Le délégué fit son apparition au cours de l’après-midi. C’était un petit humanoïde ratatiné, à l’allure simiesque et au regard éveillé. Un autre humanoïde l’accompagnait ― grand, fort et dégingandé, la mine austère et le faciès chevalin. C’était à première vue la caricature parfaite du diplomate de carrière. Le premier était vêtu d’une sorte de vague tunique, une simple étoffe crasseuse et informe ; son compagnon portait une culotte faite de pièces et de morceaux et une sorte de veste dotée de gigantesques poches pleines de choses qui faisaient des bosses.

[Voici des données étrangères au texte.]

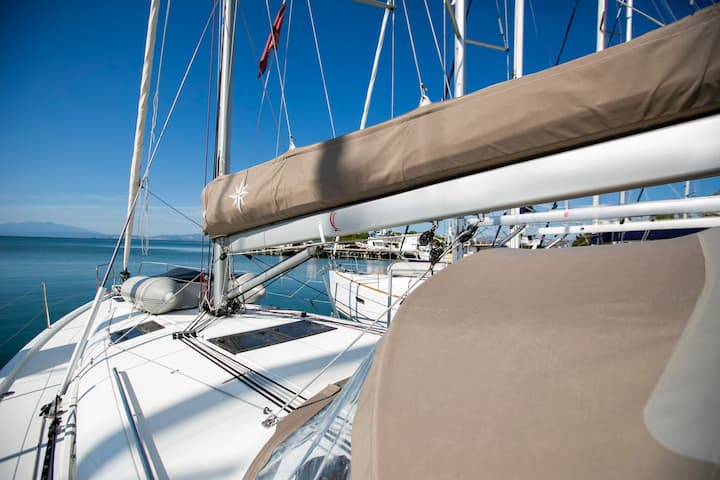 Voilier Jeanneau Sun Odyssey 440 (2021) pour Charter - Kos | #13453 - 13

Tout le village était réuni sur le versant de la colline qui dominait la maison quand les deux humanoïdes se matérialisèrent soudainement au milieu du jardin. Je m’approchai pour les accueillir. Le plus grand fit un pas en avant et l’avorton le suivit. Il régnait un silence de mort.
— « Je parle nouvellement votre langage, » commença le grand. « Si vous ne connaissez pas, demandez répétition à moi. »
— « Vous parlez fort bien. »
— « Vous Mr Carter ? »
— « Oui. Et vous ? »
— « Ma désignation serait pour vous grand baragouin, » répondit-il solennellement, « J’ai décidé vous m’appelez seulement Mr Smith. »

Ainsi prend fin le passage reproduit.